** Exercise requirements **
Copy the lines below, please, starting with the one that contains "Harde Schijf Behuizing" and ending with the last. Pictures stay out.

[Stored data]
________

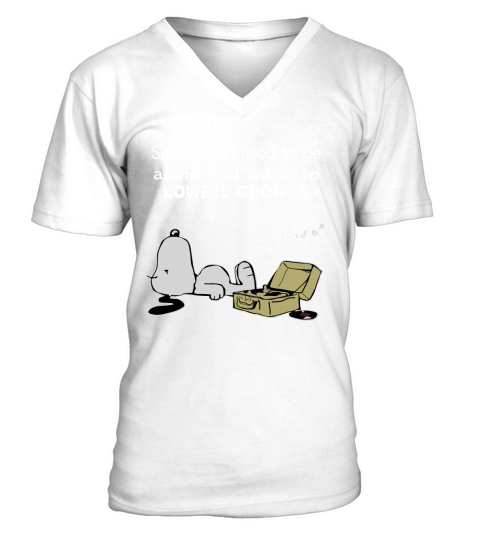 Sometimes I need to be alone and listen to Lowell George V-Neck T-shirt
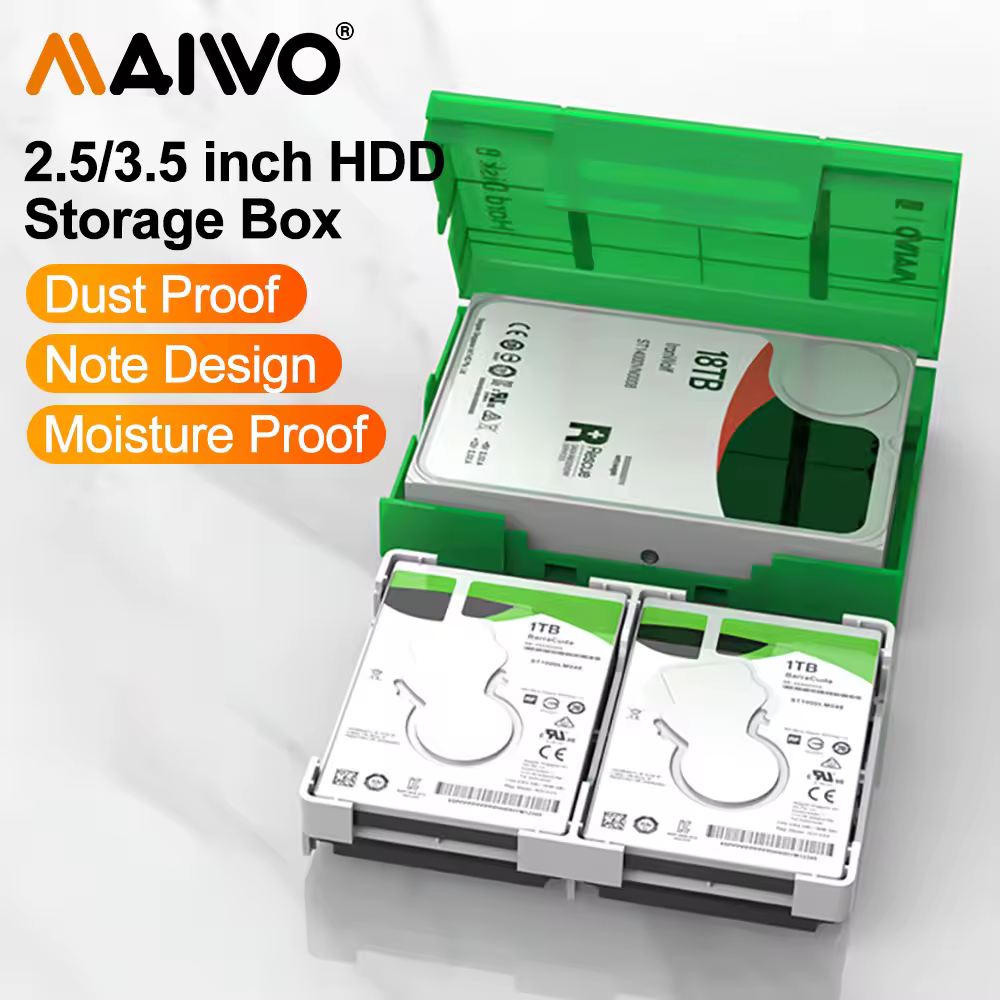 Maiwo 3.5 "Draagbare Harde Schijf Beschermhoes Harde Schijf Externe Opslag Case Met Waterdichte En Schokbestendige Harde Schijf Behuizing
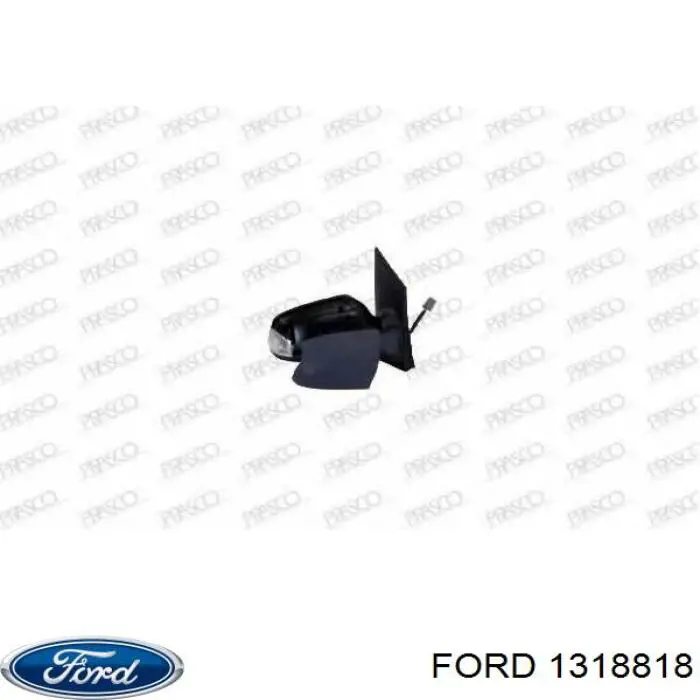 Наружное зеркало на Ford Focus II 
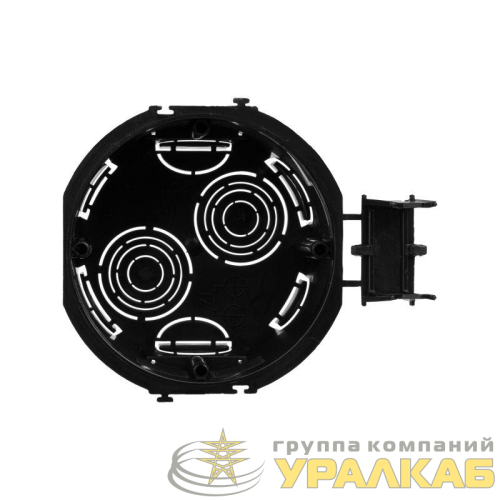 Коробка подрозеточная для сплошных стен черн. под 2 модуля безвинтов. DKC 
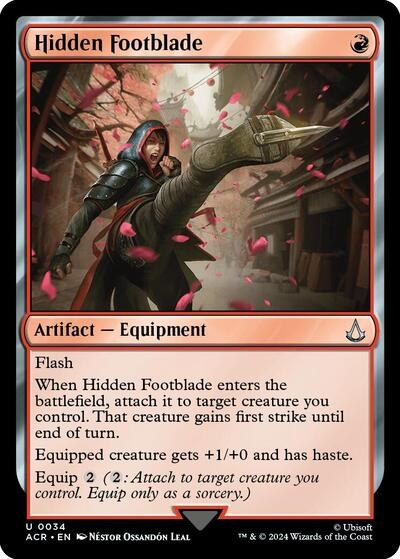 Hidden Footblade - Foil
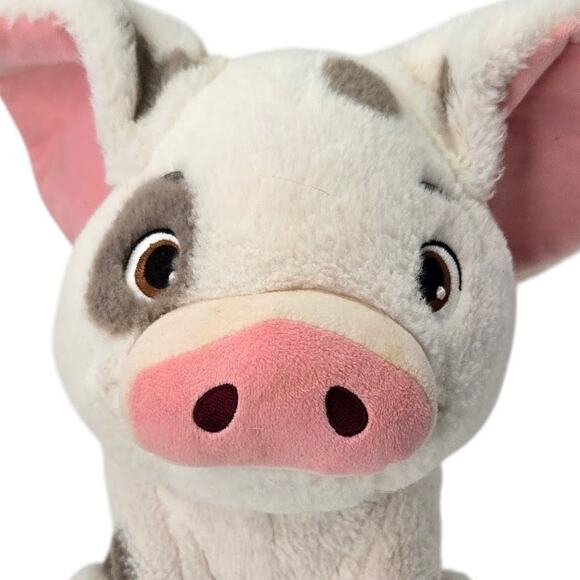 Disney Store Moana Pua Pig Plush Stuffed Animal Farm Cartoon Pot Belly 12" - Picture 2 of 8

________

** Solved problem **
 Maiwo 3.5 "Draagbare Harde Schijf Beschermhoes Harde Schijf Externe Opslag Case Met Waterdichte En Schokbestendige Harde Schijf Behuizing
 Наружное зеркало на Ford Focus II 
 Коробка подрозеточная для сплошных стен черн. под 2 модуля безвинтов. DKC 
 Hidden Footblade - Foil
 Disney Store Moana Pua Pig Plush Stuffed Animal Farm Cartoon Pot Belly 12" - Picture 2 of 8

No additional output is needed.